Starting with the line that contains "Gothic sword stud", give again exactly and only each line through the end of the records; include the last line and exclude pictures.

:::::

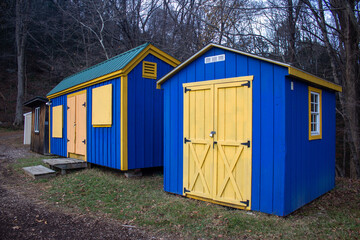 Naklejka premium Wooden Blue Sheds with Yellow Doors in Brattleboro, Vermont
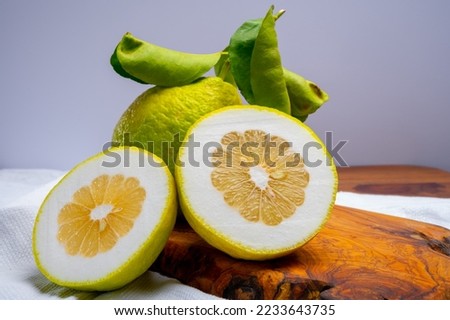 Lemon citron cedrate or Citrus medica, large fragrant citrus fruit with thick rind used for making italian limonchello liquor Royalty-Free Stock Photo #2233643735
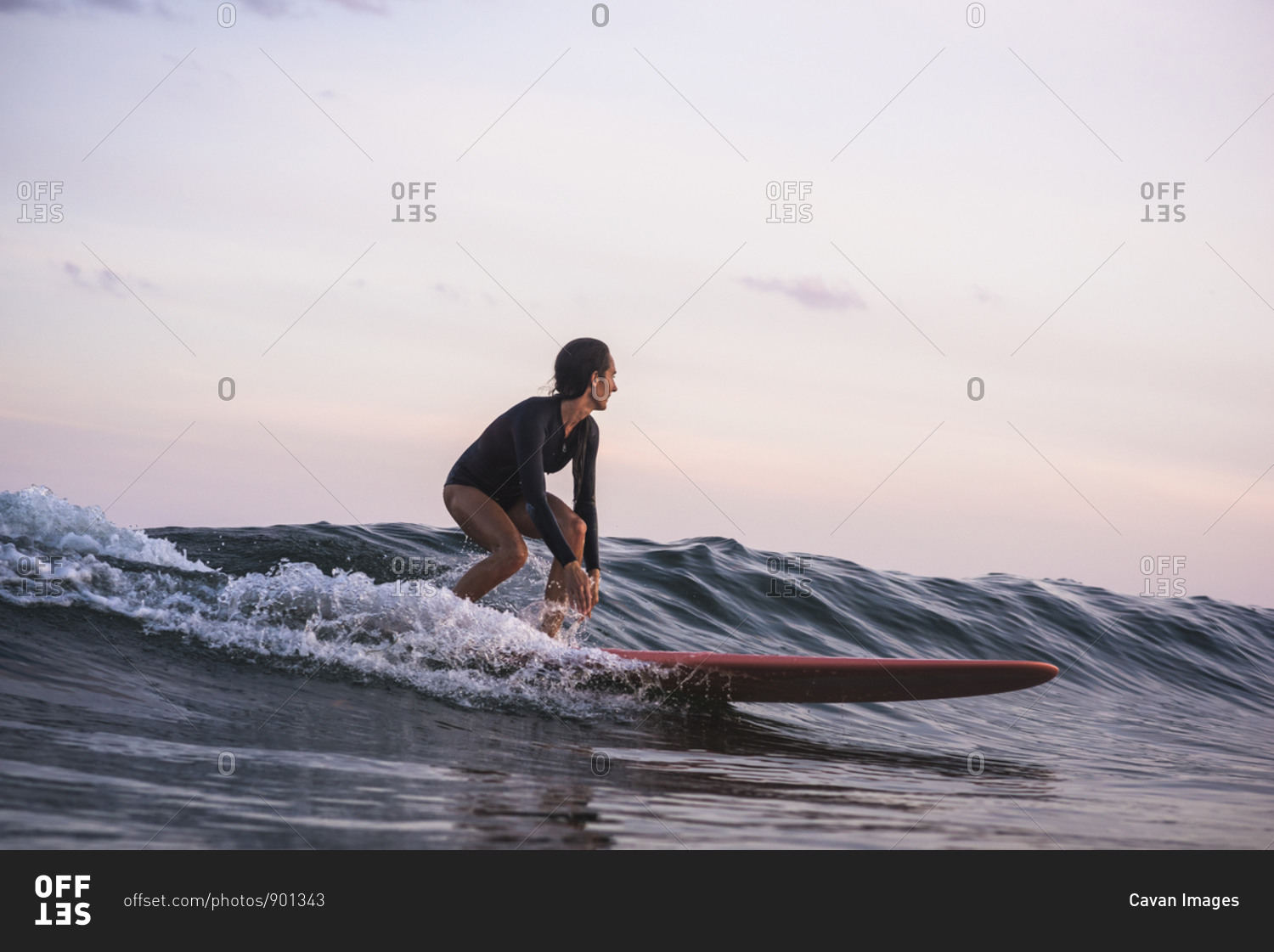 Water women friends surfing together at sunset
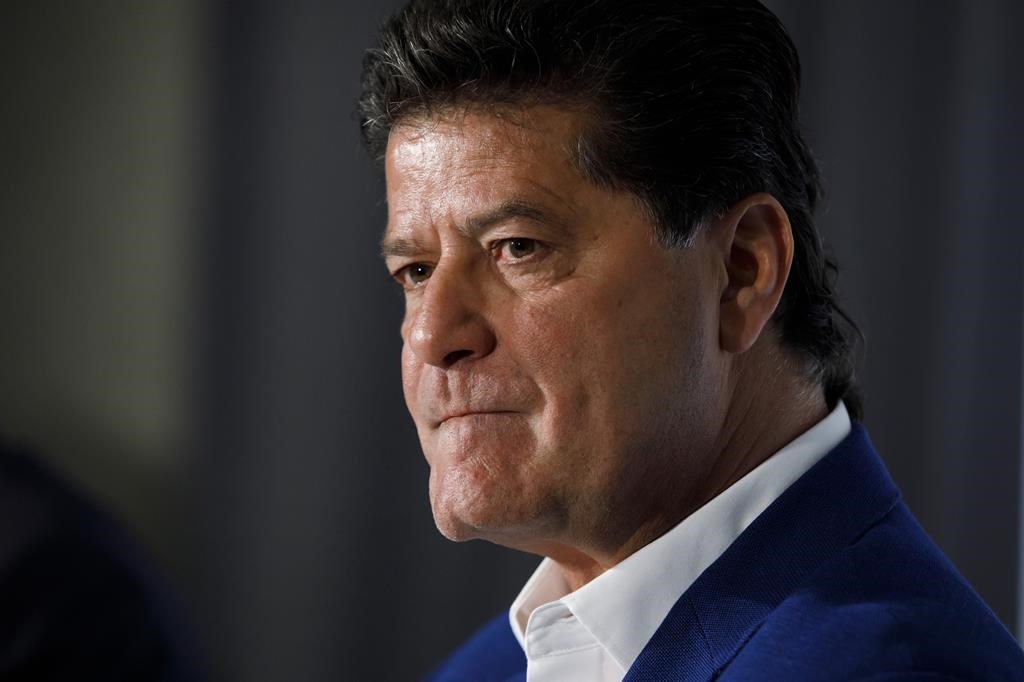 Unifor president Jerry Dias attends a press conference announcing GM's investment in the Oshawa assembly plant, in Toronto, Wednesday, May 8, 2019. Dias says the massive autoworker strike that hit General Motors in the U.S. today could migrate to Canada next year if trust is not restored. THE CANADIAN PRESS/Cole Burston.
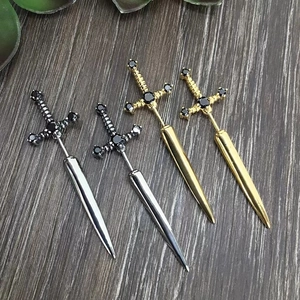Gothic sword stud earrings in gold and silver with black zircon on dark wood
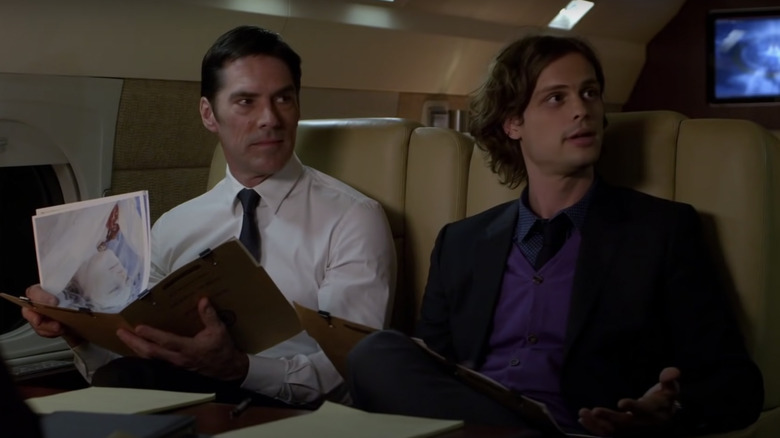 Agents Hotchner and Reid on the BAU jet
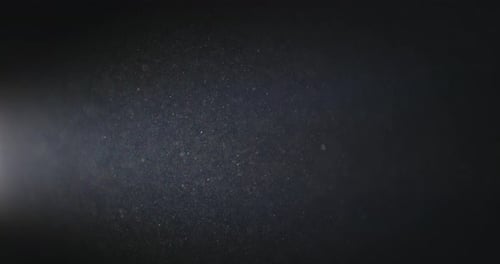 Cinematic Floating Dust Particles with Atmospheric Light Overlay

:::::

**Result:**
Gothic sword stud earrings in gold and silver with black zircon on dark wood
 Agents Hotchner and Reid on the BAU jet
 Cinematic Floating Dust Particles with Atmospheric Light Overlay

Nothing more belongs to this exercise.